I really dislike bundles that have a myriad of implementation dependencies. Dependencies that are only used by one bundle and pollute the public package space in OSGi. A perfect bundle depends on services specified in a Java package that has few no dependencies. We see this model becoming prevalent outside the Java world. On Apple’s, nowadays you need to bring your own Java VM and the average Android applications are tens of megabytes. Sharing dependencies turns out to be so hard that we’d prefer to make things much larger to not share.
To make my perfect bundles (pun intended) I tend to include my dependencies. From the start, bnd has had the possibility to ‘borrow’ Java byte-codes from other bundles. If you did an Export-Package
or Private-Package
instruction, then the source is the class path, not just the code in your project. This tend to result in duplicate code but since OSGi can handle this very well as long as it is private code, you only get bigger bundles; a price well worth paying at today’s memory & bandwidth cost.
The remaining problem therefore was to find the exact closure of packages that would make my unwanted import list empty. Finding out this set was tedious. Since I’ve been doing software since the late seventies, I recalled that we could statically link applications. After the application was assembled, the linker looked in a library and added any dependencies it could find from the archive. The tricky part was that those modules brought in their own dependencies, so this process was recursively applied until there were no more missing links.
I therefore added the -conditionalpackage
instruction. As usual in bnd, you can specify one or more glob patterns to match the package names you want to recursively include.

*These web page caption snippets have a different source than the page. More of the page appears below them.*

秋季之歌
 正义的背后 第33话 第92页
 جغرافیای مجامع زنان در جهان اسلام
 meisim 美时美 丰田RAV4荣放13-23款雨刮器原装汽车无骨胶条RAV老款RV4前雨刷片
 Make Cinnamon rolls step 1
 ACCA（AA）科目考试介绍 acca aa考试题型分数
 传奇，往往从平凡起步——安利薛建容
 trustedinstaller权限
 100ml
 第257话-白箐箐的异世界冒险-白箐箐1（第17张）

-conditionalpackage aQute.lib*
The library used in the example, aQute.libg, was specifically developed for this type of inclusion. There are, however, many JARs that are not as cleanly designed. Although bnd tries to include the whole package, sometimes there are resource dependencies bnd is unaware of. Also the evil hack Class.forName()
can throw bnd off.
And one last reminder, this only works well in OSGi since we have true modules where the same code can be present multiple times as private packages.